Sunil was young, yuppie executive. He had dreams of becoming rich. He earned a monthly pay of Rs. 50,000. With the stock markets zooming sky high, he put all the savings into stocks, with a very high concentration on small and mid-caps. But with the recent market crash, Sunil lost all his money. Besides most of his stocks turned illiquid as they were small and mid-caps. Sunil was left totally broke. The main reason for Sunil’s problem was his excess focus on stocks, particularly small and mid-caps. In short-term, stocks can be very volatile, making you lose all your capital. Besides mid and small-cap stocks are potentially rewarding but also extremely risky. They can turn illiquid very soon. Hence it is important not to put all your eggs in on basket. Had Sunil divided his savings amongst debt, gold, realty and stocks, he would have saved himself.
d. Insure yourself: Simply investing is enough. It is also important to ensure that this investment is fully protected against any unforeseen events like death, loss of employment, accidents, or even natural disasters like floods, earthquakes etc. These types of disasters can end up destroying the total worth of the investments. Hence it is essential for every investor to take adequate insurance to protect their investments.

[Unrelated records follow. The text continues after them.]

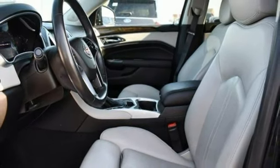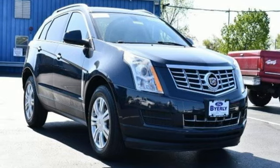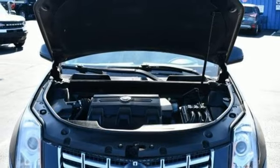Memory exterior door mirror settings, external memory control, aluminum wheels, gas pressurized shocks, and a refrigerated box located in the glove box.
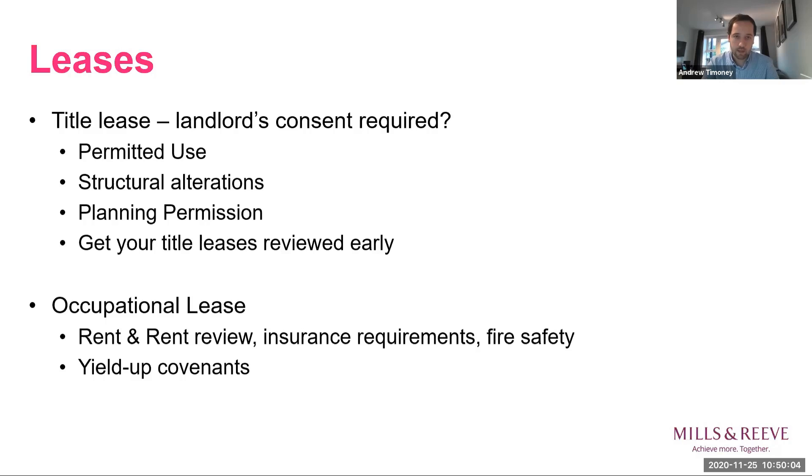We would recommend speaking to your landlord as early as possible, as this is one of the points where third-party involvement is required. With structural works, it's almost always the case that the landlord will want their own surveyors to monitor the work, which will have an impact on costs and timescale. We wouldn't want you to be in a position where you've got a great new tenant lined up and then realise it might take a few months to appease the landlord. Planning permission is a similar point — the landlord's consent might be needed for a planning application. The main message is to get your leases reviewed early.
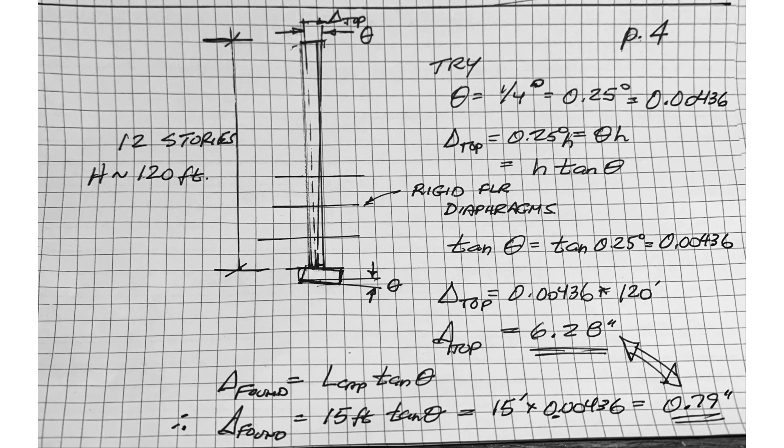If we were to have a very small rotation — I've used an example of just a quarter of a degree — and our cap had a horizontal distance of say 15 feet, which is close to the Champlain Tower pile caps at 14 feet, that translates into a deflection of roughly three-quarters of an inch, or 0.79 inches. If you were to project that deflection across the height of the building — and I understand we have rigid concrete diaphragms bracing that column from shifting — less than a quarter of a degree, or roughly three-quarters of an inch of deflection, will translate into about a half a foot, 6.28 inches, of movement at the top of the building. That is a very serious deflection.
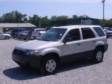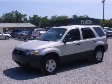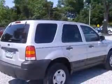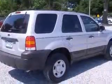We are proud to present this excellent 2006 Ford Escape. This is the Escape S 4-cylinder engine. This vehicle has a silver metallic clear coat exterior and includes the following options:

Prachi was saving money to buy a car. She had long dreamt of owning a Mercedes. But suddenly one fine day, she met with a severe accident. As a result she had to stop working. Since she had started working for just 3 months before the accident, he employer did not pay her for her absence from work. To pay for her medical expenses, Prachi had to liquidate her savings, since she did not have the suitable medical insurance. So the moral of the story: Insure yourself.
To achieve any objective, every investor must plan his finances in line with his goal, risk appetite and time horizon to reach the goal. Selecting suitable investment options will help the investors reach their financial goals without any pitfalls.